9) Message boards : Number crunching : GPU Utilization: Thermal Throttling? (Message 1804669)
Posted 2 days ago by Profile jason_gee
Yes. In effect any clockrate above the base clocks is GPU-Boost doing its job, of overclocking to a large array of driving parameters.

[Sorry for length of mental dump]

Most likely one interpretation, more accurate than 'thermal throttling', would be 'reduced dynamic overclock', which could be temperature related, but also power, voltage etc (something like 23 paramaters IIRC, most hidden and stability related)

If you see things drop below the specified base clock, then you could consider that as a problem somewhere (in system or external).
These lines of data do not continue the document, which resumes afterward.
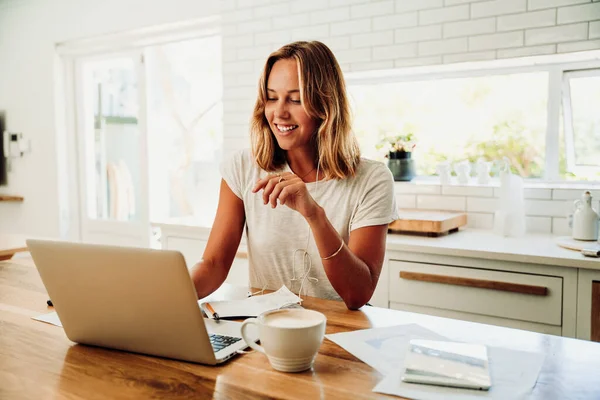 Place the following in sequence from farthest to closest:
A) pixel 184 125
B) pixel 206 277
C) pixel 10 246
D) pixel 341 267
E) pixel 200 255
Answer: pixel 184 125, pixel 200 255, pixel 10 246, pixel 206 277, pixel 341 267

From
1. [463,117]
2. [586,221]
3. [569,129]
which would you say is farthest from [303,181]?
[569,129]

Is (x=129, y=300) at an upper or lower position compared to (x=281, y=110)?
lower

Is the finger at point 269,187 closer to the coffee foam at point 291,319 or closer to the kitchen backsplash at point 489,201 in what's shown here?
the coffee foam at point 291,319

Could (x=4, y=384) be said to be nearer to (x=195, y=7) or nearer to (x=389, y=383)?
(x=389, y=383)

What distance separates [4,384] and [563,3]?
8.42 feet

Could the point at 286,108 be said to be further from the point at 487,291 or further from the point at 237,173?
the point at 487,291

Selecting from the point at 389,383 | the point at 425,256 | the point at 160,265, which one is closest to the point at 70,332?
the point at 160,265

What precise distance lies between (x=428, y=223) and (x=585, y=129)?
1021mm

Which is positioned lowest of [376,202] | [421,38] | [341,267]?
[341,267]

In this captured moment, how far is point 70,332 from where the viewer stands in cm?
104

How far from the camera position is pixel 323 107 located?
1.60 meters

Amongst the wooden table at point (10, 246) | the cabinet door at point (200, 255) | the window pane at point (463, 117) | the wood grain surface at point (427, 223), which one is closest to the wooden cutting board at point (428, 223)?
the wood grain surface at point (427, 223)

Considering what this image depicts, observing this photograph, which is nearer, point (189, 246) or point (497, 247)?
point (497, 247)

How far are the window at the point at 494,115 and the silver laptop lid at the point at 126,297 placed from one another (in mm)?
2004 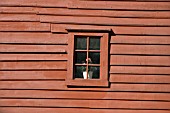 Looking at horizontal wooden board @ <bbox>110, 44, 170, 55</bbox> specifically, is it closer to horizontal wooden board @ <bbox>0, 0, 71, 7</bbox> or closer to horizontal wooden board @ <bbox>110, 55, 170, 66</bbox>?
horizontal wooden board @ <bbox>110, 55, 170, 66</bbox>

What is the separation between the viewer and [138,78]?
552 centimetres

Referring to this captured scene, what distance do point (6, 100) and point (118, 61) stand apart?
2147 millimetres

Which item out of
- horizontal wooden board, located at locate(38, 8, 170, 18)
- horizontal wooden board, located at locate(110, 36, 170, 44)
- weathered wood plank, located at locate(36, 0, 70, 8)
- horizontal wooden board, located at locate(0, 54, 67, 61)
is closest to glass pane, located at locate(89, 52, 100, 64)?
horizontal wooden board, located at locate(110, 36, 170, 44)

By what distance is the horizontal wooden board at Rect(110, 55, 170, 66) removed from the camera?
5.53 meters

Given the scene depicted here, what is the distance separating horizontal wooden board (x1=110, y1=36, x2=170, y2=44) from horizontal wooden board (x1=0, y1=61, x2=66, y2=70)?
105cm

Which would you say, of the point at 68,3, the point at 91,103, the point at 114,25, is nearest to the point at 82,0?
the point at 68,3

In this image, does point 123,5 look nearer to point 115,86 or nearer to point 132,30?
point 132,30

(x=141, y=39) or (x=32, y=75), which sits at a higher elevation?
(x=141, y=39)

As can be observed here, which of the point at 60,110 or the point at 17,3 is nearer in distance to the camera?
the point at 60,110

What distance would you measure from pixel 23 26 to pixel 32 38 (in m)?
0.28

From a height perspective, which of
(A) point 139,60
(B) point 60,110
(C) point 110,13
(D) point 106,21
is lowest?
(B) point 60,110

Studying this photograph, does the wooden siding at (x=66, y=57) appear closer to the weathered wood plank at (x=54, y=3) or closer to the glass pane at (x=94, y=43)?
the weathered wood plank at (x=54, y=3)

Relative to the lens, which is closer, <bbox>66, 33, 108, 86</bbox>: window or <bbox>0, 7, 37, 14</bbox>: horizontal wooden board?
<bbox>66, 33, 108, 86</bbox>: window

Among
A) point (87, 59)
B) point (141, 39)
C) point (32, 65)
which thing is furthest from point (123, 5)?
point (32, 65) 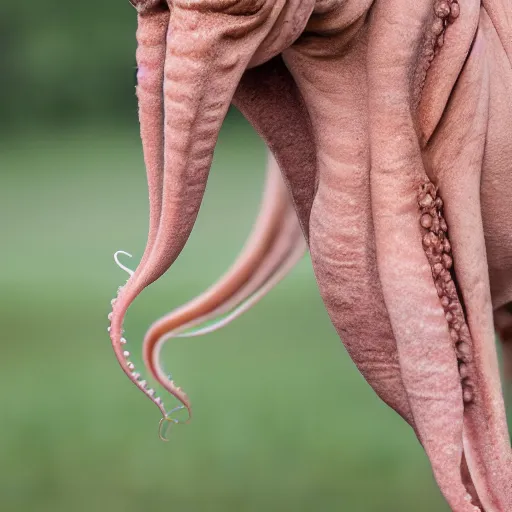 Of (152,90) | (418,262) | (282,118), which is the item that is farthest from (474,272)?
(152,90)

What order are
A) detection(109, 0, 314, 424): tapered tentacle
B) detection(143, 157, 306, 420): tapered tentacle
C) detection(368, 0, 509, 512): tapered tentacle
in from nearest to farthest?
detection(109, 0, 314, 424): tapered tentacle < detection(368, 0, 509, 512): tapered tentacle < detection(143, 157, 306, 420): tapered tentacle

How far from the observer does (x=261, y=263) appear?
127 cm

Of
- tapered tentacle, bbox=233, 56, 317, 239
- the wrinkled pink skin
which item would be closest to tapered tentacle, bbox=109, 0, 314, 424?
the wrinkled pink skin

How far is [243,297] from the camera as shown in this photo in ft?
4.17

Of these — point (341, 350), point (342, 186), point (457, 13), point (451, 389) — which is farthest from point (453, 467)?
point (341, 350)

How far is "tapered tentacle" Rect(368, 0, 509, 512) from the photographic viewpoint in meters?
1.06

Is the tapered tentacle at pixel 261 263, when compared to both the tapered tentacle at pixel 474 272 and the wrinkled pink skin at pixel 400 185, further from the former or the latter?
the tapered tentacle at pixel 474 272

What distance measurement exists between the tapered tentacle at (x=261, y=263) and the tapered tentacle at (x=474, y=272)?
201mm

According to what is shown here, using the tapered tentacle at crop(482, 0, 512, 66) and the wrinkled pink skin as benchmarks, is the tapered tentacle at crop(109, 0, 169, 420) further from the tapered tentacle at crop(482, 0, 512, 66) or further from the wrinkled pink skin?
the tapered tentacle at crop(482, 0, 512, 66)

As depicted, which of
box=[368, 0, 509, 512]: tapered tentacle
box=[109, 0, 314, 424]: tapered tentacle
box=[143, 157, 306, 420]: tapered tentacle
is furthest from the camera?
box=[143, 157, 306, 420]: tapered tentacle

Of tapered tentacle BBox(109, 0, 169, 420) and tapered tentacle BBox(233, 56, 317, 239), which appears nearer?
tapered tentacle BBox(109, 0, 169, 420)

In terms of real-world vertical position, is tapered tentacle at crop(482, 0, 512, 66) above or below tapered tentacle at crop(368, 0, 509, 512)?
above

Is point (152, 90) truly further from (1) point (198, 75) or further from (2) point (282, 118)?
(2) point (282, 118)

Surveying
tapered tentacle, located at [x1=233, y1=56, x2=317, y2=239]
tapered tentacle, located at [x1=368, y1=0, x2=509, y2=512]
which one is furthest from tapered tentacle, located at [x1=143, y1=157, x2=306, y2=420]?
tapered tentacle, located at [x1=368, y1=0, x2=509, y2=512]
I heard somewhere recently (forget where) that some people under water cooling flash their devices to disable GPU boost, though in general setting the clock lower/deeper into the stability region than GPU boost would be advised anyway. My understanding is one reason they do this is to present a more or less constant load, which simplifies fan/pump configuration, and stabilises the acoustics.

In general, the 'baseline' cuda applications should reach 90-100% with 2-3 tasks (GPU and system dependant). Any more than that will increase switching overheads and CPU cost.

I keep my very much CPU bottlenecked Windows 7, Core2Duo, system with GTX980, in that state so as to represent something close to worst case imbalance.

Saturating the CPU threads/cores such that the GPU drivers choke in the DPC queue would most likely be visible using LatencyMon or similar tool while running. Tuning the system, chipset drivers, BIOS, amount of OC, and possibly other system components like RAM latency, will change that balance, and potentially move any bottleneck around. In the case of baseline Cuda v8 apps on Windows Vista Onwards, the Latencies involved are higher than under the old XPsp2 regime, but less than on modern Mac OSX. Multiple instances does hide those latencies somewhat, but the best case down the road will be single instance binaries that will use all the allocated hardware effectively, so as to reduce switching overhead to absolute minimums while also hiding the latencies.

Newer techniques have been explored, pushing slowly (about as quickly as the gaming industry) to a better state. Most of the same considerations are relevant to the motivations behind DirectX12 and Vulkan as well (with the same amount of complicated work to get to the end goal of properly hetergeneous systems + applications)
10) Message boards : Number crunching : Average Credit Decreasing? (Message 1804655)
Posted 2 days ago by Profile jason_gee
Quick side observations only.
... After 6 months of MB V8 I'm now totally convinced that Credit New is fatally screwed beyond hope (and only a mental defective could think otherwise).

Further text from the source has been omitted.